SOME STUDIES ON ULTRASONIC JOINING OF THIN COPPER, ALUMINIUM AND PHOSPHOR BRONZE SHEETS

Abstract

The quest to produce cost-effective, efficient, and ergonomically designed products demands the use of assemblies fabricated with assorted materials. Because of the differences in their physical, chemical, and metallurgical properties, joining dissimilar metals has been a difficult task for the researchers. Ultrasonic metal welding has overcome some of these limitations due to its unique characteristics. A number of diversified applications, ranging from small components used in the electronics industry to aerospace and solar, are being fabricated by Ultrasonic Spot Metal Welding (USMW). USMW uses vibrational energy to produce heat at the interface of the faying surfaces. The sheets are subjected to combined normal and shear loading with the help of sonotrode assembly. These combined loads disperse the oxides and contaminants as well as remove the surface asperities so as to form pure metallic bonds in cold conditions without filler metal, flux, or shielding gas. It’s an efficient, green process that takes very little processing time. Since USMW is designed to join dissimilar metals/materials, this study used both similar and dissimilar combinations of phosphor bronze (UNS C51100), copper (UNS C10300), and aluminum (Al 3003). It was observed through the available literature that there is a need for the optimization of the process parameters along with the characterization of the weld joint in the case of USMW. With these goals in mind, experiments were carried out in both 'Time Control Mode' and 'Energy Control Mode' using different experimental designs. The Analysis of Variance (ANOVA) is utilized on the response parameters-tensile shear load and the weld area. Weld pressure is observed as the most significant parameter, followed by weld time, and vibration amplitude, in affecting the weld strength. A reasonably good correlation is observed between the tensile shear load and the weld area between all the combinations of the weld metals. The process parameters are optimized by coupling the regression model as a fitness function with vii

the simulated annealing optimization algorithm. Finally, the confirmatory experimental results substantiated the predicted results and validated the proposed methodology.

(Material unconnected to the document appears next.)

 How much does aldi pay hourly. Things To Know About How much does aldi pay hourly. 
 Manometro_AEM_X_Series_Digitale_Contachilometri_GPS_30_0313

The modeling and simulation of the USMW process is carried out using FEM. The model is utilized for the study and prediction of the thermal profiles at the weld interface. The heat fluxes generated due to deformation and friction are calculated and assigned as boundary conditions during thermal simulation. The forecast of temperature is done under various welding conditions. The maximum temperature obtained by transient simulation at the weld interface is 368.8℃, 369.4℃ and 296.1℃ for PB-PB, PB-Cu, and PB-Al, respectively. The continuous reduction in the temperature is observed towards the extremes of the weld metal. The sonotrode and the anvil achieve a lower temperature in comparison to the weld interface. The effect of clamping force and bonding ratio on the interface temperature is observed to be positive. The weld interface is distinguished as the weld zone, TMAZ and HAZ. The model is validated with the maximum absolute errors within 5% for PB-PB joints, 6.26% for PB-Cu joints, and 5.68% for PB-Al joints between the observed and predicted temperature results. A correlation coefficient of 0.96, 0.87, and 0.86 is established between the simulated temperature result and the weld strength for PB-PB, PB-Cu, and PB-Al, respectively. Thus, it is clear that the interface temperature has a strong linear relationship with joint strength and is a major deciding factor for achieving strong joints. The effect of the weld energy on interface temperature and weld strength is also explored. It is observed that the values of peak interface temperature and tensile-shear strength increase with the welding energy. The failure mode changes from interfacial to nugget pull-out at a considerably high energy level during the tensile-shear load test. There is a significant rise in the tensile-shear load initially, but a negligible change is observed in the last stage. The scanning electron microscopy (SEM) revealed that the joining line appears almost straight at a low energy level but fades away at a higher energy level. The bonding region ultimately viii

acquires the shape of a wavy, convoluted interface. Micro-bonding accompanied by interlocking is observed as the primary joining mechanism at high energy level. Hence, it can be concluded that joint strength in USMW was the combined result of the formation of micro-bonds and mechanical interlocking due to the swirling of metal at the interface. The observations and the results of the current study reflect that different combinations of PB, Cu, and Al give very good responses to the ultrasonic spot metal welding in the given ranges of the parameters. Hence, this joining technique can be effectively used for the fabrication of thin components made of these metals. This study can provide useful inputs for the industries involved in the manufacturing of battery electrical vehicles, solar panels, small electrical and electronic products like relays, contacts, and heat sinks etc.